La grotte du Tabac était un lieu de prédilection pour les contrebandiers : ils y cachaient des paquets de tabac, de farine ou de café importés clandestinement d'Alger. La contrebande était une forme de commerce illégal, un moyen de contourner la loi et les impôts. Les contrebandiers introduisaient des marchandises à Majorque sans passer par les contrôles des autorités. Ce commerce est également connu sous le nom d'«estraperlo», un mot dérivé de l'introduction d'une marque de jeu de roulette électrique, appelée Stra-Per-Lo, installée au casino de Saint-Sébastien (au Pays basque) et à l'hôtel Formentor (à Majorque). Elle fut ensuite interdite par la police, car elle s'avéra frauduleuse.

 

Les portes de l'enfer - Llucmajor


Dans le domaine de Llucamet, dans le port de plaisance de Llucmajor, se trouvent des falaises appelées les Portes de l'Enfer.
Ces falaises sont si sauvages que seules les chèvres peuvent y accéder. En 1883, un jeune homme nommé Miquel Mutet y fut victime d'un tragique accident en descendant attaché à une corde et y perdit la vie.
Les habitants se souviennent encore de cet événement.

 

Sustrando Citrato et Babá Jussifà - Artà


Si vous vous promenez dans le parc naturel de la péninsule de Llevant, aux alentours de s'Alqueria Vella d'Avall, vous rencontrerez deux personnages légendaires : Sustrando Citrat et Babà Jussifà. Ne soyez pas surpris s'ils ne vous saluent pas ; ils sont pétrifiés. La légende raconte qu'il s'agissait de deux Sarrasins qui refusèrent de quitter l'île suite à la conquête de Jaume Ier. Depuis lors, ils sont restés pétrifiés, observant le temps qui passe...

 

Le sang des Maures - Alaró


Lorsque le soleil se couche, les falaises du château d'Alaró prennent une couleur rougeâtre qui les rend spéciales. Selon la légende, cette couleur est due au sang qui a été versé lors de la bataille sanglante qui a eu lieu lors de la conquête de Majorque par les troupes du roi Jaume. Le château d'Alaró fut l'une des dernières places fortes où les Sarrasins se réfugièrent avant que les troupes catalanes ne les battent.

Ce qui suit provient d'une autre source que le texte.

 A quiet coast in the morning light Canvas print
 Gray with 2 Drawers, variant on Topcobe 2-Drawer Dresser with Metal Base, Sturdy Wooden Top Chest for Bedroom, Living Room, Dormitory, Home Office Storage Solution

Une autre trace du passage du Roi Jaume dans ce lieu est la marque du sabot de son cheval sur l'une des pierres jouxtant le portail de l'enceinte du château.

 

La main du Maure - Palma


Le nom "Carrer de la mà del Moro" fait référence à une histoire tragique qui s'y est déroulée. En 1731, Amet - un jeune musulman au service de l'évêque Martí Mascord - rendu fou par sa passion pour la nièce de l'aumônier, tua le prêtre à coups de poignard. L'intention d'Amet était de voler son argent et de pouvoir fuir avec sa bien-aimée loin de Majorque, pour profiter d'un amour qui aurait été impossible à l'époque : celui d'un musulman avec un chrétien. Son plan, cependant, ne s'est pas bien passé et Amet a été arrêté et condamné à mort. Le 15 novembre, il a été exécuté et, à la mémoire et à l'avertissement de tous, sa main a été coupée et suspendue à la façade de la maison où ces terribles événements avaient eu lieu.